In many cases, the business would scramble to understand the audit questionnaire and its implications to quickly determine how to meet the requirements.  The problem with this is it assumes any implication requiring additional solutions, services, and related costs would be more than justified, given the specific value of that customer's business.

In this case, the savvy CEO rightly looked at each customer and the value (revenue, margin, profit, etc.) they brought to the company and required IT to provide similar details on the actual costs, risk mitigation, and value of the proposed additional cybersecurity measures.  In short, the long-term value of the customers’ business must be weighed against the long-term value and additional cost of the new cybersecurity solution and services.  The ultimate decision on whether to proceed is based on objective data from both sides.

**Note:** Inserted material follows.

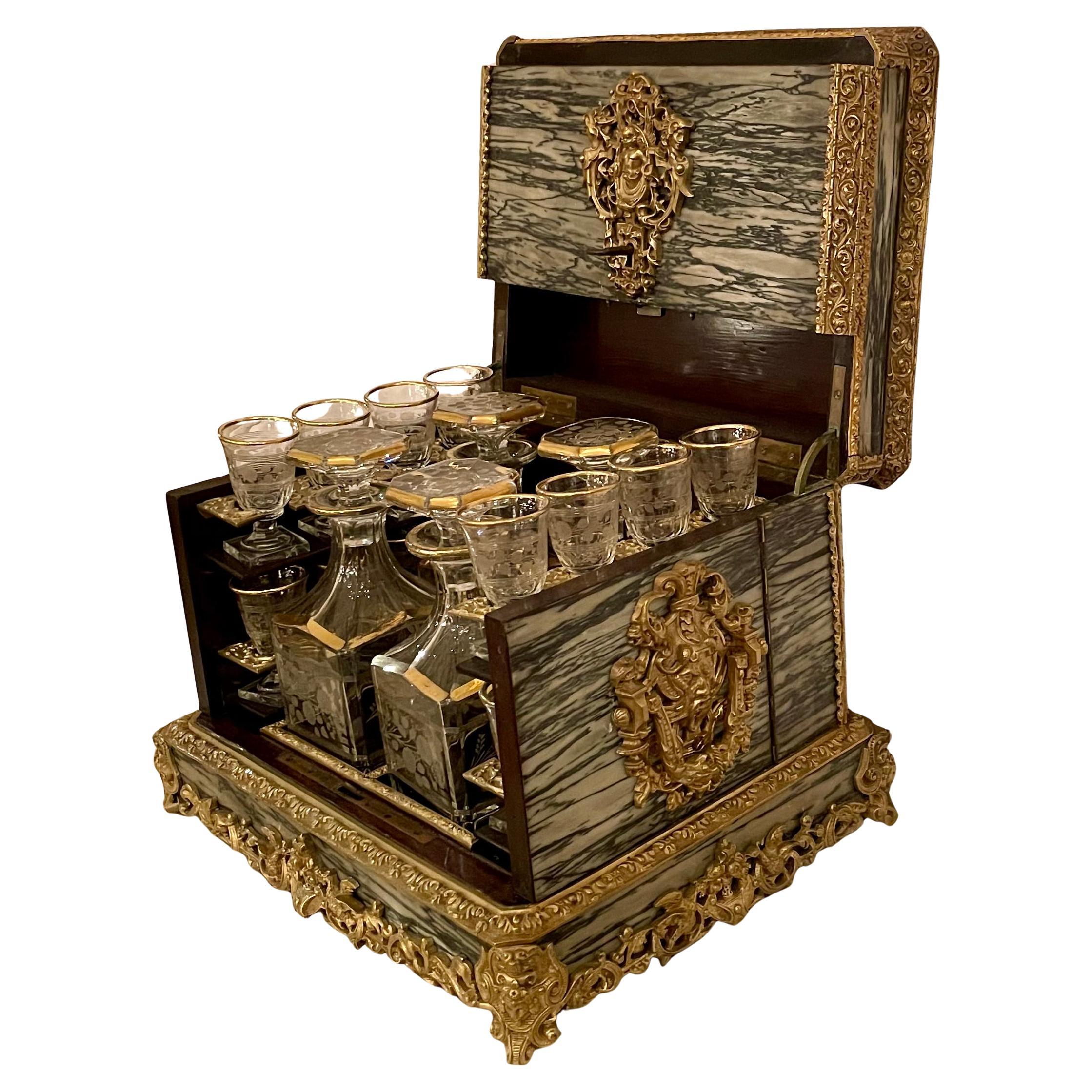 Antike Französisch Napoleon III Ormolu montiert Marmor Cave à Liqueur CIRCA 1870-1880 (Goldbronze) im Angebot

Decision-making is based on making a business case for each solution/service. Although not written in a formal document, it was clear the CEO had a very specific method for decision-making.

The challenging aspects of dealing with cybersecurity services and solutions include:

  1. The new security solution/service may benefit the entire company and all customers, not only the ones sending the questionnaire.  The value is greater than what's associated with a single customer.
  2. Although the business desires to control costs, additional spending on higher cybersecurity capabilities may be required due to the industry's compliance requirements or baseline expectations.  You have to spend more time finding other areas to curb costs.

Now, compare this scenario with a more common practice.  Something bad happens or has a likelihood of happening that could ruin the business.  IT panics and pushes solution alternatives to the management for approval.  Without any translation or common ground on the ‘why’, the business leadership approves or declines the request quickly.  The primary driver is fear.  Making decisions out of fear is never preferred compared to making them confidently.  Decisions based on fear are often reactive, whereas confidence-based decisions are proactive.  One has limited information to support it, whereas the latter typically is well thought out and presented in a more easily understandable fashion.

We are in a period where cybersecurity is the number one concern of business leaders (not IT leaders, CIOs, IT Directors). 

Cybersecurity has been in the top 10 list for many years and has crept into the top 5 more recently.  Having it jump to the number one spot is telling.  The overall business landscape has changed.  The increasing universe of threats and the ability for a single one to take down a business has pushed dealing with them to the top of my mind.

As a result, while scrutinizing IT operation spending should be an ongoing best practice for saving, the awareness and acknowledgment that the company may require additional spending in areas related to cybersecurity is very real. This is precisely where the IT decision-making process comes into the spotlight.  Being able to translate the very complicated and complex cybersecurity needs and related solutions is difficult even for technology professionals to discuss and agree upon. Correctly translating them into terms business leaders can understand is increasingly monumental yet critical to educated decision-making. 

If I were to state to a CEO – “We need to implement an SIEM and SOC to meet the current compliance requirements.”, I would expect the CEO’s eyes to roll back and either agree to get me out of the office or push back and state “In English, please.”

IT leaders and professionals must address and solve this increasingly difficult puzzle. 

How does IT translate and articulate complex technology into business terms when it is difficult, even between IT professionals?  How can a business make an educated decision without it?

If IT has done well, the result should be the proverbial ‘duck on the water.’  On the surface (to the business employees and management), things are all quiet and calm, while under the water, technical professionals are paddling their hearts out to keep them productive and safe.